[Scraped caption text data]
⁂

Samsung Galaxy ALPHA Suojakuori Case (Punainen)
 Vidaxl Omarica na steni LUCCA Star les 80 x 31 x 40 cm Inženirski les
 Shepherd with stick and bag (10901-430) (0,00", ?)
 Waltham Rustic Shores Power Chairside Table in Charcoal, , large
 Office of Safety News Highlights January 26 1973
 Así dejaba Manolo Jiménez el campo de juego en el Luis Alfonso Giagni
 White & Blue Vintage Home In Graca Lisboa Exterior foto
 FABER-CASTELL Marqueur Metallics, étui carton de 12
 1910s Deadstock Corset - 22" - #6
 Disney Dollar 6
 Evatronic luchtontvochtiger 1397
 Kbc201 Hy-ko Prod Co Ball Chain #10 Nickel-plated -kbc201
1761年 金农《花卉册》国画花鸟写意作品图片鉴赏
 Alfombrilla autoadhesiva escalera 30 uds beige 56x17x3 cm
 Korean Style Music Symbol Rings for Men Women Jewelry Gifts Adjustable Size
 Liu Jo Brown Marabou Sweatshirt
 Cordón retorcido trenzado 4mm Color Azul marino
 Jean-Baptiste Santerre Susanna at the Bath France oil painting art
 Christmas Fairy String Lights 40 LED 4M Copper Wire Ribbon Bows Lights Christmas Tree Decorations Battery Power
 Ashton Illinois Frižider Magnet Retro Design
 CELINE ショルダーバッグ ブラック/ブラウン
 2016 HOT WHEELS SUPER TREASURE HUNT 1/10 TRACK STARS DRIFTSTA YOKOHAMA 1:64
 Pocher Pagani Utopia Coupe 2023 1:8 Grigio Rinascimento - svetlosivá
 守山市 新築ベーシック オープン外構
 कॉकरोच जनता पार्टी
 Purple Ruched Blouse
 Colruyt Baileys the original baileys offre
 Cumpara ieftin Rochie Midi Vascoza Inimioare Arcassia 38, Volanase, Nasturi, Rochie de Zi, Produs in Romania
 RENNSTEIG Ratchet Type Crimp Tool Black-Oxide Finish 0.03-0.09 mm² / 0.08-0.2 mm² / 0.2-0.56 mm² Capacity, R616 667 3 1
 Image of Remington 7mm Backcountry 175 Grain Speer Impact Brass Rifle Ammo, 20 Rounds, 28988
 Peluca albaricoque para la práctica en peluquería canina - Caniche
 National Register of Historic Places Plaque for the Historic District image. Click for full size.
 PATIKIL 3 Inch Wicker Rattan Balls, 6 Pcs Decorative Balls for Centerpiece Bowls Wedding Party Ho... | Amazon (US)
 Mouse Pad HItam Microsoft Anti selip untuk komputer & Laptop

⁂

* [WHAT YOU SHOULD DO] Reproduce without change every line of the entries above, from the one containing "Pocher Pagani Utopia" through the last.

* [EXERCISE RESULT]
 Pocher Pagani Utopia Coupe 2023 1:8 Grigio Rinascimento - svetlosivá
 守山市 新築ベーシック オープン外構
 कॉकरोच जनता पार्टी
 Purple Ruched Blouse
 Colruyt Baileys the original baileys offre
 Cumpara ieftin Rochie Midi Vascoza Inimioare Arcassia 38, Volanase, Nasturi, Rochie de Zi, Produs in Romania
 RENNSTEIG Ratchet Type Crimp Tool Black-Oxide Finish 0.03-0.09 mm² / 0.08-0.2 mm² / 0.2-0.56 mm² Capacity, R616 667 3 1
 Image of Remington 7mm Backcountry 175 Grain Speer Impact Brass Rifle Ammo, 20 Rounds, 28988
 Peluca albaricoque para la práctica en peluquería canina - Caniche
 National Register of Historic Places Plaque for the Historic District image. Click for full size.
 PATIKIL 3 Inch Wicker Rattan Balls, 6 Pcs Decorative Balls for Centerpiece Bowls Wedding Party Ho... | Amazon (US)
 Mouse Pad HItam Microsoft Anti selip untuk komputer & Laptop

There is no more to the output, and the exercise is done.